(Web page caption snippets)
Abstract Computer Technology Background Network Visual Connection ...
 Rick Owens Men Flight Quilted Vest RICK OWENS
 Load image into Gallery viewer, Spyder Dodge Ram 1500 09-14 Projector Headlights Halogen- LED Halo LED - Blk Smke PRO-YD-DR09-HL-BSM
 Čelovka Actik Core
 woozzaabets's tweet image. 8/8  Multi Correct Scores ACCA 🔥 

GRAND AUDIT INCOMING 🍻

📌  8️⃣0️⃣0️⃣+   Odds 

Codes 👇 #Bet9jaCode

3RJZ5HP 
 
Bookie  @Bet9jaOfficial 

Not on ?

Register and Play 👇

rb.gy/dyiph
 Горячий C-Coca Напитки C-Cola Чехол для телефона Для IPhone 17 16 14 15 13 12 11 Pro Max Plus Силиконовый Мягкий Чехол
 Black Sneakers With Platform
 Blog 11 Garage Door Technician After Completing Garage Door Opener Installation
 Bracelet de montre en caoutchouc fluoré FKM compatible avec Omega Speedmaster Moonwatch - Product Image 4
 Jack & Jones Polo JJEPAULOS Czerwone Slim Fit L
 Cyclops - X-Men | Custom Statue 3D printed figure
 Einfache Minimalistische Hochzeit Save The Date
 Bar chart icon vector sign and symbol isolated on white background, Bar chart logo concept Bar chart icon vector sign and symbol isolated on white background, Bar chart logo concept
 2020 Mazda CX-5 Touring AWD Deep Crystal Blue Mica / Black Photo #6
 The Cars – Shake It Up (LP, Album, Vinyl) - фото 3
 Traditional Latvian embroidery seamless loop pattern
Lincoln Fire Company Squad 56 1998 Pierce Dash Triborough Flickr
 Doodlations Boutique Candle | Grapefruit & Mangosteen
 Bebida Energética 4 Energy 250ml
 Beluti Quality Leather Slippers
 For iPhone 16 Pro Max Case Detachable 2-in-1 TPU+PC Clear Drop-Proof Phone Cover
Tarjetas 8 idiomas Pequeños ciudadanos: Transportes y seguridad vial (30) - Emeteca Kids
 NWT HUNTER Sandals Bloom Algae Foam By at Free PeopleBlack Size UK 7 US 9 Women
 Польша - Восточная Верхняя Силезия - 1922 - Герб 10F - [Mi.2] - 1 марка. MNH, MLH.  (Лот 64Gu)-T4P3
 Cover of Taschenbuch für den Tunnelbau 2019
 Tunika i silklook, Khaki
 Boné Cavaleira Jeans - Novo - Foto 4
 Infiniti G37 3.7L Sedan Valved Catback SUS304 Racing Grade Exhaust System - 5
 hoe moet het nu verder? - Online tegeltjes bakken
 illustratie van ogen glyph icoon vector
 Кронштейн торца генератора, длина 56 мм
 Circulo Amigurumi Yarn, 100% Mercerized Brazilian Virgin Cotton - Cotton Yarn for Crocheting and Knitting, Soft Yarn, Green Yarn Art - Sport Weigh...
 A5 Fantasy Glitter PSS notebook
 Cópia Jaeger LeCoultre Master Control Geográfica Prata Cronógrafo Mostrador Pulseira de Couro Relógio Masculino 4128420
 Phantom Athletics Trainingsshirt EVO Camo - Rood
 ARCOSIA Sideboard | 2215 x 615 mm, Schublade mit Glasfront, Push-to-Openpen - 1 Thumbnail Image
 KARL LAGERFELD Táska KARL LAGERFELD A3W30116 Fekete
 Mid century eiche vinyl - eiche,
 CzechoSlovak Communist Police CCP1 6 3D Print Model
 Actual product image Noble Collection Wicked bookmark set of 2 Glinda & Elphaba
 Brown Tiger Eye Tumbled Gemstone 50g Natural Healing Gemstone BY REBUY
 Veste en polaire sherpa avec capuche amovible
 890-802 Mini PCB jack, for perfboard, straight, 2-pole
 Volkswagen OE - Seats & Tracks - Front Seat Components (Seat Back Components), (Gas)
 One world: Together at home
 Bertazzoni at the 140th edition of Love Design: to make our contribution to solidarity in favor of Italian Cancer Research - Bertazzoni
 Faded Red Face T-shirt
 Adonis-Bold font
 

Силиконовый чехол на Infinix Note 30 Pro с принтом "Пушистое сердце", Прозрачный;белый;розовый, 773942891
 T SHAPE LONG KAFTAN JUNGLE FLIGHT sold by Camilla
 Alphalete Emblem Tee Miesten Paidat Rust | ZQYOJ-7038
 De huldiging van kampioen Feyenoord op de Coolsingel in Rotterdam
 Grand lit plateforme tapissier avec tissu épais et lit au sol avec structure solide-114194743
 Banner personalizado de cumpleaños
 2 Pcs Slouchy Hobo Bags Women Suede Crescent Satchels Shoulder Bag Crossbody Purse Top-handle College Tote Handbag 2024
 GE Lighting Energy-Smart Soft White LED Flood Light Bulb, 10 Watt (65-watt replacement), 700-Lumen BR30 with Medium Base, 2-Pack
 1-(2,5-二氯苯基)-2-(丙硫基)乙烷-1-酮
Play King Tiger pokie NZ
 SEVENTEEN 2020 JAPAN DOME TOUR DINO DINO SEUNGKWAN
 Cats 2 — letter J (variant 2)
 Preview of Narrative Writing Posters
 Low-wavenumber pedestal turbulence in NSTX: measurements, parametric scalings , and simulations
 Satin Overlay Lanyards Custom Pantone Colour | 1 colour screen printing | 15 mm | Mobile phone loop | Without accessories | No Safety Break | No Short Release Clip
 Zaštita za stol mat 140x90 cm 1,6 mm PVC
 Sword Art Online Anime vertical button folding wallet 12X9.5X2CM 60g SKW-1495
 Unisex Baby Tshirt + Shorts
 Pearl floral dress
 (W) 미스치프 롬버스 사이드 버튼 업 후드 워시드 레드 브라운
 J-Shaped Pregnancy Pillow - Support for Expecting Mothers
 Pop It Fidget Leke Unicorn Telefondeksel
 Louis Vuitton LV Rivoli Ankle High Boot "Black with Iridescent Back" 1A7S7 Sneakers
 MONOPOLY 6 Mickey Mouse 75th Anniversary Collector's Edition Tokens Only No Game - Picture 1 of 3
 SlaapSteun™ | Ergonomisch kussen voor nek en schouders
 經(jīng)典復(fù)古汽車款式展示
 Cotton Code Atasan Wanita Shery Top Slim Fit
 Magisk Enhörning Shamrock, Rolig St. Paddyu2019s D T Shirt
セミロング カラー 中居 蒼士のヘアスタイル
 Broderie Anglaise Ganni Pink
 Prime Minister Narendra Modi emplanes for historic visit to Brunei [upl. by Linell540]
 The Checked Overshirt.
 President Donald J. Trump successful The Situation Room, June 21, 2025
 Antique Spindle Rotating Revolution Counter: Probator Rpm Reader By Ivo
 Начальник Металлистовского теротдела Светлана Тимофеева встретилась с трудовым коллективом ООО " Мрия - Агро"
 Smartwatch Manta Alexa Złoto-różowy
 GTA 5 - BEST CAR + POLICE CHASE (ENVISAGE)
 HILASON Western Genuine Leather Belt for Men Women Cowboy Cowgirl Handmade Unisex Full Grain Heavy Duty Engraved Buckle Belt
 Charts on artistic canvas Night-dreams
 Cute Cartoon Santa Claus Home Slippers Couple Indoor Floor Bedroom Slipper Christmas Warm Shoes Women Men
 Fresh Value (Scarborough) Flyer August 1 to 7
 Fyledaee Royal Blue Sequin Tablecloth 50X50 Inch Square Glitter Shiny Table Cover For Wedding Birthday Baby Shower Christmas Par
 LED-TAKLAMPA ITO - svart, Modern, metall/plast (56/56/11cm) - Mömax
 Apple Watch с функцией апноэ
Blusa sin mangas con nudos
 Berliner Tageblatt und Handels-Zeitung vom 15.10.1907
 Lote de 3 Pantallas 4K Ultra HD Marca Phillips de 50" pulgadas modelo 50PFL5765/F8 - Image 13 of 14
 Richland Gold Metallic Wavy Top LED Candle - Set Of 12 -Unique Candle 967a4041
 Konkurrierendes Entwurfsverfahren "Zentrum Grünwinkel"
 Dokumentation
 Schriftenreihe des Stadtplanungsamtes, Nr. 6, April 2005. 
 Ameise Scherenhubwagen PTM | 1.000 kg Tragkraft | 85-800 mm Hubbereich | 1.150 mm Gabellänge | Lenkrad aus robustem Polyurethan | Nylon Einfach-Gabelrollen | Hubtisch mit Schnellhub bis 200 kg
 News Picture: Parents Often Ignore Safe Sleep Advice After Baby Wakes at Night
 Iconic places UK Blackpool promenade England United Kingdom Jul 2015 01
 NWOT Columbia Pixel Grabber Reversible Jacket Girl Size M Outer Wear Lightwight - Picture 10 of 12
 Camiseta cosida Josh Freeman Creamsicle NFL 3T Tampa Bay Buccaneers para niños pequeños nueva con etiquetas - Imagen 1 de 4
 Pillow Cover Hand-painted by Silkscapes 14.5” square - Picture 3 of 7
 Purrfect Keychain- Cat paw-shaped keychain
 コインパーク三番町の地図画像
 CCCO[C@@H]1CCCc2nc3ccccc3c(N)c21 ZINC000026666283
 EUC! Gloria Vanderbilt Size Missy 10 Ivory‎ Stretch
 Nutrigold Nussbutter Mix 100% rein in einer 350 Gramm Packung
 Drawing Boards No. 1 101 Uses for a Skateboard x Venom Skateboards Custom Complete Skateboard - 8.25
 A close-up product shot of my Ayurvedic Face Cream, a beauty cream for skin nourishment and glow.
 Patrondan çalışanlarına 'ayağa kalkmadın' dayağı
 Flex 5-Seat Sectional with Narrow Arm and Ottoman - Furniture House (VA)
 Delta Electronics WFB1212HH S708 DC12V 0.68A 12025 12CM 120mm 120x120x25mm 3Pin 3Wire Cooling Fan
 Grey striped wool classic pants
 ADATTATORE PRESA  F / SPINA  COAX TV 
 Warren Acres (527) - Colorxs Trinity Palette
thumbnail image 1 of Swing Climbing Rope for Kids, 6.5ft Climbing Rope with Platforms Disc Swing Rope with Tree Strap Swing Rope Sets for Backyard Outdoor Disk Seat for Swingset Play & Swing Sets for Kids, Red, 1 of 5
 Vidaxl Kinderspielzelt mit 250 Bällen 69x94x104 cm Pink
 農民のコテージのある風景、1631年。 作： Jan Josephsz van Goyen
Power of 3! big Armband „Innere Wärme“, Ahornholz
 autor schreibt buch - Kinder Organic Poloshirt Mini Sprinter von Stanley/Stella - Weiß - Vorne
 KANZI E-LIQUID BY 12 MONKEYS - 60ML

*PROBLEM TO WORK ON*: Copy out, exactly and alone, the lines of the entries above between the ones holding "Antique Spindle Rotating" and "Lote de 3 Pantallas", inclusive.

*PROBLEM SOLUTION*:
 Antique Spindle Rotating Revolution Counter: Probator Rpm Reader By Ivo
 Начальник Металлистовского теротдела Светлана Тимофеева встретилась с трудовым коллективом ООО " Мрия - Агро"
 Smartwatch Manta Alexa Złoto-różowy
 GTA 5 - BEST CAR + POLICE CHASE (ENVISAGE)
 HILASON Western Genuine Leather Belt for Men Women Cowboy Cowgirl Handmade Unisex Full Grain Heavy Duty Engraved Buckle Belt
 Charts on artistic canvas Night-dreams
 Cute Cartoon Santa Claus Home Slippers Couple Indoor Floor Bedroom Slipper Christmas Warm Shoes Women Men
 Fresh Value (Scarborough) Flyer August 1 to 7
 Fyledaee Royal Blue Sequin Tablecloth 50X50 Inch Square Glitter Shiny Table Cover For Wedding Birthday Baby Shower Christmas Par
 LED-TAKLAMPA ITO - svart, Modern, metall/plast (56/56/11cm) - Mömax
 Apple Watch с функцией апноэ
Blusa sin mangas con nudos
 Berliner Tageblatt und Handels-Zeitung vom 15.10.1907
 Lote de 3 Pantallas 4K Ultra HD Marca Phillips de 50" pulgadas modelo 50PFL5765/F8 - Image 13 of 14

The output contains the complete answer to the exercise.